L’orgue de Barbarie de Sharon Temple a été construit vers 1830 par Richard Coates (Photo : Katherine Belrose)

Photo : L’orgue de Barbarie de Sharon Temple a été construit vers 1830 par Richard Coates (Photo : Katherine Belrose)

Par

Nicholas Holman

Les bâtiments et l'architecture, Les arts et la créativité

Published Date: sept. 10, 2009

« L’architecture est une musique figée », a dit Goethe, mais pourquoi de tels propos? Était-ce parce que les intérieurs des églises chrétiennes, avec leurs colonnes et leurs voûtes, semblent se mouvoir pour qui descend la nef, les fenêtres et les murs, se dérober et les transepts apparaître et disparaître pour qui se déplace d’ouest en est dans un plan en croix latine? Mais la structure en tant que telle demeure immobile – hormis l’inévitable détérioration qui ronge tous les édifices.

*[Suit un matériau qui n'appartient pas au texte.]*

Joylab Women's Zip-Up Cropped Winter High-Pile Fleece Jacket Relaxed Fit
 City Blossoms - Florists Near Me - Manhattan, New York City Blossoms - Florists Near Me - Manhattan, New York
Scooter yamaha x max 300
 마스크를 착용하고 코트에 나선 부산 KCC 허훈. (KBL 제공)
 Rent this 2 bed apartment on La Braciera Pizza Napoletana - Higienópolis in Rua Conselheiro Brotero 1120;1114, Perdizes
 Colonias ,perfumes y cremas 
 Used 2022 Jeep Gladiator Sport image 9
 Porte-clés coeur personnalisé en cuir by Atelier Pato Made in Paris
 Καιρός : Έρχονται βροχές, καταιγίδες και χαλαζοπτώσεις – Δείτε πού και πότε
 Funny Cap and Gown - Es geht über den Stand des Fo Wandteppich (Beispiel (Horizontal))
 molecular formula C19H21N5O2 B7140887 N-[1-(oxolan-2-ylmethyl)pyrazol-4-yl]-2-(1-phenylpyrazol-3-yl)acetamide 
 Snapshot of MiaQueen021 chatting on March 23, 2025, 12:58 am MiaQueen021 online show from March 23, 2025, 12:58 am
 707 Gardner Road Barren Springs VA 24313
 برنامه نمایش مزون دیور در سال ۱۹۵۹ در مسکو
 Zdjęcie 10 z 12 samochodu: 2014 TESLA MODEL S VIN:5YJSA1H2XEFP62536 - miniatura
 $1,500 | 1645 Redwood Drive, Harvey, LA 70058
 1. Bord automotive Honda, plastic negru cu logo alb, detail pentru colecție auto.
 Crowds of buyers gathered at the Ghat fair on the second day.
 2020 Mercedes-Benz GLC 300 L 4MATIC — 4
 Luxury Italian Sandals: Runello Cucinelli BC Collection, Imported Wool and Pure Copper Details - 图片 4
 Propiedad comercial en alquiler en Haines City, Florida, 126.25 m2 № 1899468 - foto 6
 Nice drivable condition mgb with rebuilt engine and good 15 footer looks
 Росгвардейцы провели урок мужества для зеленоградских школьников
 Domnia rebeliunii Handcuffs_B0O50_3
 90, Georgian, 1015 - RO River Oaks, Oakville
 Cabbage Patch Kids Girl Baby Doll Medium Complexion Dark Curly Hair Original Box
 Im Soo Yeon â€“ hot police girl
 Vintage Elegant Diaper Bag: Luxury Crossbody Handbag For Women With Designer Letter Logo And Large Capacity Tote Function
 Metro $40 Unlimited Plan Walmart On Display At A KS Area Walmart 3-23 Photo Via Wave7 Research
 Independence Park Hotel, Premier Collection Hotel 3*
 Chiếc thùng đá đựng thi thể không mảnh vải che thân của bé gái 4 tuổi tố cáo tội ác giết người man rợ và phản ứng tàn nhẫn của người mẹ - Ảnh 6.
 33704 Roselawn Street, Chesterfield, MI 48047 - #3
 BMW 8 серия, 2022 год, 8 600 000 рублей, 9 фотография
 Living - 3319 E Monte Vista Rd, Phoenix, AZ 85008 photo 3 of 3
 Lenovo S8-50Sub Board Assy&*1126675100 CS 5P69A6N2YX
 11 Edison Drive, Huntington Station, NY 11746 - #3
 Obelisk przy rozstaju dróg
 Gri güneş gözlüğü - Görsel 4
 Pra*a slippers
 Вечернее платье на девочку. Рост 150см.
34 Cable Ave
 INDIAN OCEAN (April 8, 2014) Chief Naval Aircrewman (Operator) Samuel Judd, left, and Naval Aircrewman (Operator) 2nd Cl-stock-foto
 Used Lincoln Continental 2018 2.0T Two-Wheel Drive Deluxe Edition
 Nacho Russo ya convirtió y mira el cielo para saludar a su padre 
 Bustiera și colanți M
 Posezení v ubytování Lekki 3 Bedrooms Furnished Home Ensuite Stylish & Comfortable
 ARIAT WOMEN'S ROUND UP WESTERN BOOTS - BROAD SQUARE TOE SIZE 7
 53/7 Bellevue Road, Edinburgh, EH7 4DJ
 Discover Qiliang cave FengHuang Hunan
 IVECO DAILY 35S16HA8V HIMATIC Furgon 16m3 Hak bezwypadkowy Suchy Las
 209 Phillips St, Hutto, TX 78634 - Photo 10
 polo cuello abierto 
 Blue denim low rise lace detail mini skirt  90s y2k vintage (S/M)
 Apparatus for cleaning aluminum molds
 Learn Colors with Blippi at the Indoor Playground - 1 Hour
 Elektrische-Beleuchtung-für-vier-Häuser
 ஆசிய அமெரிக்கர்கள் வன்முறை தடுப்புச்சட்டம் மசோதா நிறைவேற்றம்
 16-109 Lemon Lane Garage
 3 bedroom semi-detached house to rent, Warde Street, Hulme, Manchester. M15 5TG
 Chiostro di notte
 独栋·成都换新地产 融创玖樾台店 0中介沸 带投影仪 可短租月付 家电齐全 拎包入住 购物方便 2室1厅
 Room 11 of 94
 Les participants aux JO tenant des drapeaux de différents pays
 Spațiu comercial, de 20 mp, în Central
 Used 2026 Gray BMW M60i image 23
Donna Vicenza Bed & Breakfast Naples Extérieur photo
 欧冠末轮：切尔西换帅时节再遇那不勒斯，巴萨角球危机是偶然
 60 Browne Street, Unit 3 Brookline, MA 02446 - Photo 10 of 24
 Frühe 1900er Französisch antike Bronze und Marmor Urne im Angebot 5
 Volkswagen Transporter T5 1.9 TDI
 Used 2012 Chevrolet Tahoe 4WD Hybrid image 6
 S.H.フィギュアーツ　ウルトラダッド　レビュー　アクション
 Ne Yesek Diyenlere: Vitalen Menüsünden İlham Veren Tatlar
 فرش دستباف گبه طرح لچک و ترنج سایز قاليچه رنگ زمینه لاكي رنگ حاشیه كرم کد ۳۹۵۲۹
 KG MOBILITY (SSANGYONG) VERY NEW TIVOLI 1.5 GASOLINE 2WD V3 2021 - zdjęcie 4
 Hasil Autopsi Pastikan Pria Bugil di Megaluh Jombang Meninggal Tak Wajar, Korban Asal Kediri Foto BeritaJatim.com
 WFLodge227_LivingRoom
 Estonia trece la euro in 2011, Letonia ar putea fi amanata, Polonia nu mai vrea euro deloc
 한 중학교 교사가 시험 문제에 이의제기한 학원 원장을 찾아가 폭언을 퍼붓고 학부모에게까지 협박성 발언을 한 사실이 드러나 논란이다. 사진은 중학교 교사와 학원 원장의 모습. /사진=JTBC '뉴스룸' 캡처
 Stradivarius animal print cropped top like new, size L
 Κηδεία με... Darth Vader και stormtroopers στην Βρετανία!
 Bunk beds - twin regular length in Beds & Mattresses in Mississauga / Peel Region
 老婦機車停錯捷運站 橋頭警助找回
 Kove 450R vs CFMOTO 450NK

La musique, en revanche, est fugace et intangible, s’élevant de la page silencieuse dans les quatre dimensions seulement quand elle est jouée. Les sons émanant d’un chœur, d’un orgue et d’autres instruments résonnent dans toute l’église, semblant se mouvoir et cerner l’auditeur, alors que les mélodies ne s’attardent que brièvement dès que la musique se tait.

Au fil des siècles, dans la chrétienté, la musique a considérablement évolué, des mélopées simples des origines aux compositions complexes pour deux chœurs, œuvre du compositeur du XVIe siècle, Giovanni Gabrieli, pour la basilique Saint Marc de Venise, d’une messe de Mozart avec orchestre à une psalmodie anglicane et aux hymnes convaincants des églises réformées.

Alors que des cantiques entraînants mènent des congrégations sur des voies impensables quelques siècles auparavant et déchaînent les foules, d’autres lieux de culte sont aménagés pour des concerts et des représentations de danse et de théâtre. Ainsi, Sharon Temple, au nord de Toronto, est un édifice religieux qui fait preuve de nouveauté sur le plan musical.

Avec sa symétrie architecturale frappante et son histoire musicale riche, Sharon Temple est le parfait exemple d’un édifice du patrimoine « vivant », même s’il a été détourné de son usage initial. Réputé pour son acoustique, ce temple est un édifice au plan central, recouvert de planches de clin et doté d’une charpente en bois, qui a été érigé entre 1825 et 1831 pour une petite secte religieuse appelée les Enfants de la Paix, fondée par David Willson.

Les Enfants de la Paix ont disparu il y a longtemps, mais, en 1966, le chœur de l’Université luthérienne de Waterloo a commandité John Beckwith, ancien doyen de la faculté de musique de l’Université de Toronto, pour composer une œuvre centrée sur cette secte. Le libretto de Beckwith, Sharon Fragments, intègre les descriptions par Willson de ses visions, les principes de la secte et trois hymnes composés par son fondateur, ainsi que deux des vingt airs joués par l’orgue de Sharon Temple. Désormais, cette magnifique œuvre du XXe siècle, à plusieurs niveaux, qui mêle le sacré au profane, est intimement liée à l’extraordinaire Sharon Temple.

Certes, Gabrieli n’approuverait peutêtre pas l’alliance de traditionnel et de contemporain, d’écrits religieux et de musique conçue par Beckwith, mais le résultat lorsqu’il est joué, comme il l’est souvent, dans le Sharon Temple, rend l’architecture de cet édifice exceptionnel plus vivante que figée, un résultat qui ravirait peut-être Goethe, comme il séduit nombre de personnes aujourd’hui.